RE: Article: Fat protocols slow Web services

> -----Original Message-----
> From: Francis Norton [mailto:francis@redrice.com]
> Sent: Thursday, January 10, 2002 8:47 AM
> To: Champion, Mike
> Cc: xml-dist-app@w3.org
> Subject: Re: Article: Fat protocols slow Web services
> 
> 
> All looks so pretty much like Web Services with private UDDI, to me.

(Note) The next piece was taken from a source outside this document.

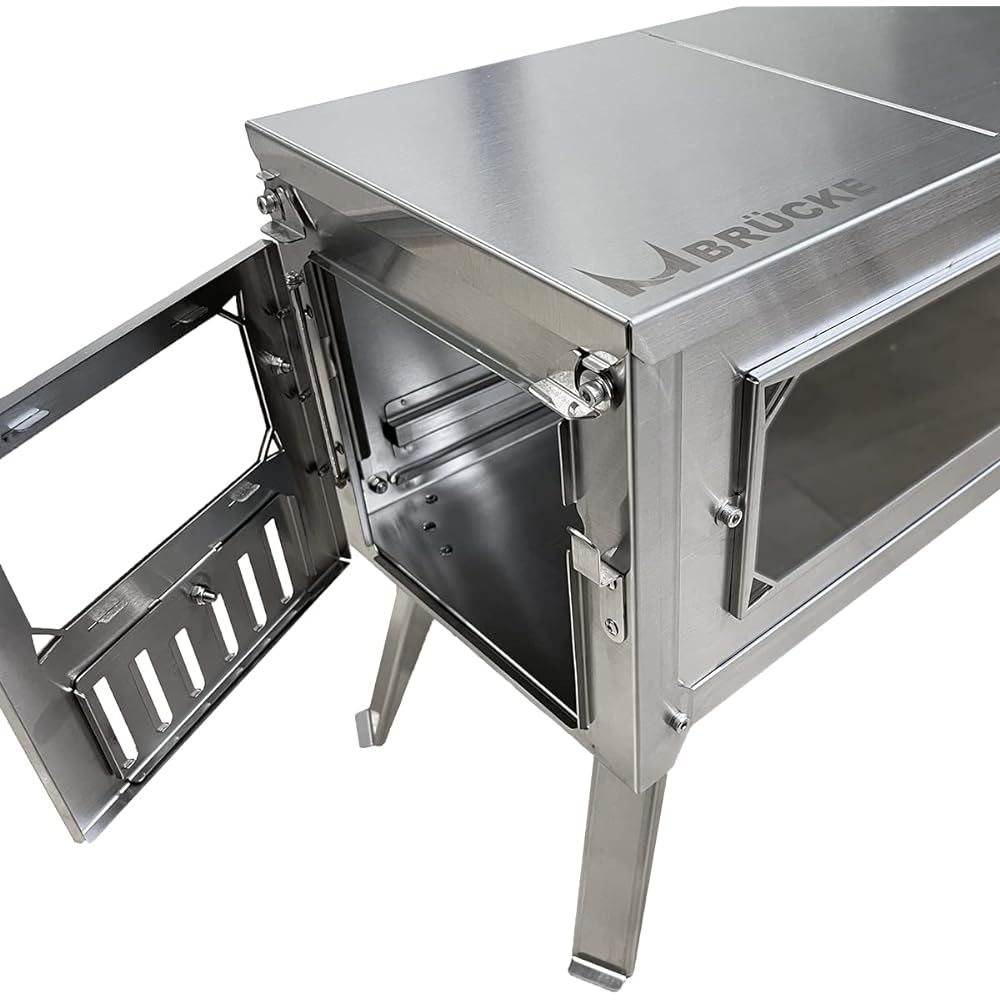 BRÜCKE Foldable Wood Stove for Solo Camping, Easy to Assemble, Compact, Ultra Light, Comes with 2M Chimney, Storage Bag Included, Stainless Steel Stove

Yes! My point -- a real question, not a rhetorical one -- is whether the
HTTP/XML/RPC works anywhere near as well in real applications over the wild
internet as it does over a tame intranet. The points that have been raised
in this thread about latency, reliability, "burstiness" etc. can be managed
in an intranet by investments in hardware and competent system
administration, but not when you have potentially millions of remote
customers with all sorts of devices, transports, and intermediaries to deal
with.

The larger issue is whether web services (over the wild world web) can, as a
general rule, continue to build on the synchronous/RPC paradigm that has
scaled reasonably well from single machines to local area networks to
enterprise networks.  There seem to be two points of view: Either the
internet infrastructure will evolve fast enough so that the RPC paradigm
continues to scale up and the underlying complexity is hidden from the
application programmer, or it won't and a more loosely coupled, asynchronous
model of web services delivery will be something that web services
developers have to deal with.  SOAP can definitely handle either model, RPC
is one use case and there could be use cases for various asynchronous
coordination protocols as well.  In other words, is the job of making SOAP
web services work well over the internet going to be the job of those
long-suffering network administrators that the original article was
addressed to, or the Visual Basic programmers that Kurt Cagle mentioned?

Another non-rhetorical question: Do the Microsoft .NET tools that those
Visual Basic programmers will be migrating to really assume an underlying
synchronousness or can they transparently handle, for example, an underlying
SMTP transport? I would guess that they can, but you may have to write code
rather than relying on the GUI and the wizards to do it auto-magically?